To establish the global convergence of Algorithm 1, the normal conditions are needed.

Assumption A

  1. (i)

    The defined level set \(\Omega=\{x\in\Re^{n}\mid f(x)\leq f(x_{1})\}\) is bounded with given point \(x_{1}\).

  2. (ii)

    The function f has a lower bound and it is differentiable. The gradient g is Lipschitz continuous

    $$ \bigl\Vert g(x)-g(y) \bigr\Vert \leq L \Vert x-y \Vert , \quad \forall x,y\in\Re^{n}, $$
    (3.5)

    where \(L>0\) a constant.

Lemma 3.2

Suppose that Assumption A holds and NTT-PRP-CG-A generates the sequence \(\{x_{k},d_{k},\alpha_{k},g_{k}\}\). Then there exists a constant \(\beta >0\) such that

$$ \alpha_{k}\geq\beta,\quad\forall k\geq1. $$
(3.6)

Proof

Using (3.5) and (2.3) generate

$$\begin{aligned} \alpha_{k}L \geq& (g_{k+1}-g_{k})^{T}d_{k} \\ \geq& -(1-\sigma)g_{k}^{T}d_{k} \\ =& (1-\sigma) \Vert g_{k} \Vert ^{2}, \end{aligned}$$

where the last equality follows from (3.1). By (3.2), we get

$$\alpha_{k}\geq\frac{1-\sigma}{L}\frac{ \Vert g_{k} \Vert ^{2}}{ \Vert d_{k} \Vert ^{2}}\geq \frac{1-\sigma}{L\gamma}. $$

Setting \(\beta\in(0,\frac{1-\sigma}{L\gamma})\) completes the proof. □

Remark

The above lemma shows that the steplengh \(\alpha_{k}\) has a lower bound, which is helpful for the global convergence of Algorithm 1.

Theorem 3.1

Let the conditions of Lemma 3.2 hold and \(\{x_{k},d_{k},\alpha_{k},g_{k}\}\) be generated by NTT-PRP-CG-A. Thus we get

$$\lim_{k\rightarrow\infty} \Vert g_{k} \Vert =0. $$

Proof

By (2.2), (3.1), and (3.6), we have

$$\delta\beta \Vert g_{k} \Vert ^{2} \leq\delta \alpha_{k} \Vert g_{k} \Vert ^{2} \leq f(x_{k})-f(x_{k}+\alpha_{k}d_{k}). $$

Summing the above inequality from \(k=1\) to ∞, we have

$$\sum_{k=1}^{\infty}\delta\beta \Vert g_{k} \Vert ^{2} \leq f(x_{1})-f_{\infty}\leq\infty, $$

which means that

$$\Vert g_{k} \Vert \rightarrow0,\quad k\rightarrow\infty. $$

The proof is complete. □

4 Numerical results and discussion

This section will report the numerical experiment of the NTT-PRP-CG-A and the algorithm of Zhang et al. [1] (called Norm-PRP-A), where the Norm-PRP-A is the Step 4 of Algorithm 1 that is replaced by: Calculate the search direction \(d_{k+1}\) by (1.5).
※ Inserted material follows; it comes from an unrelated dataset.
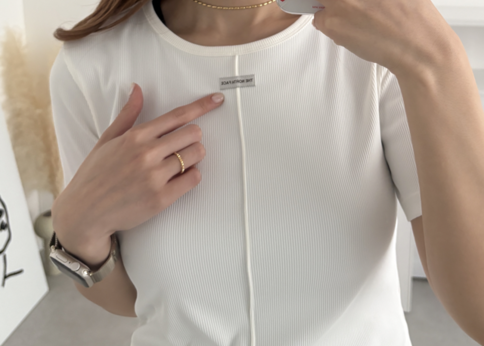 ランキング-【中央小さめロゴTシャツがコーデの主役♡】今っぽい、中央小さめロゴTシャツ7選!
Since the method is based on the search direction (1.5), we only compare the numerical results between the new algorithm and the Norm-PRP-A. The codes of these two algorithms are written by Matlab and the problems are chosen from [57, 58] with given initial points. The tested problems are listed in Table 1. The parameters are \(\gamma_{1}=2\), \(\gamma_{2}=5\), \(\gamma_{3}=3\), \(\delta=0.01\), \(\sigma=0.86\). The program uses the Himmelblau rule: Set \(St_{1}=\frac{ \vert f(x_{k})-f(x_{k+1}) \vert }{ \vert f(x_{k}) \vert }\) if \(\vert f(x_{k}) \vert > \tau_{1}\), otherwise set \(St_{1}= \vert f(x_{k})-f(x_{k+1}) \vert \). The program stops if \(\Vert g(x) \Vert <\epsilon\) or \(St_{1} < \tau_{2}\) hold, where we choose \(\epsilon=10^{-6}\) and \(\tau_{1}=\tau _{2}=10^{-5}\). For the choice of the stepsize \(\alpha_{k}\) in (2.2) and (2.3), the largest cycle number is 10 and the current stepsize is accepted. The dimensions of the test problems accord to large-scale variables with 3,000, 12,000, and 30,000. The runtime environment is MATLAB R2010b and run on a PC with CPU Intel Pentium(R) Dual-Core CPU at 3.20 GHz, 2.00 GB of RAM, and the Windows 7 operating system.

Table 1 Test problems

Table 2 report the test numerical results of the NTT-PRP-CG-A and the Norm-PRP-A, and we notate:

Table 2 Numerical results

No. the test problems number. Dimension: the variables number.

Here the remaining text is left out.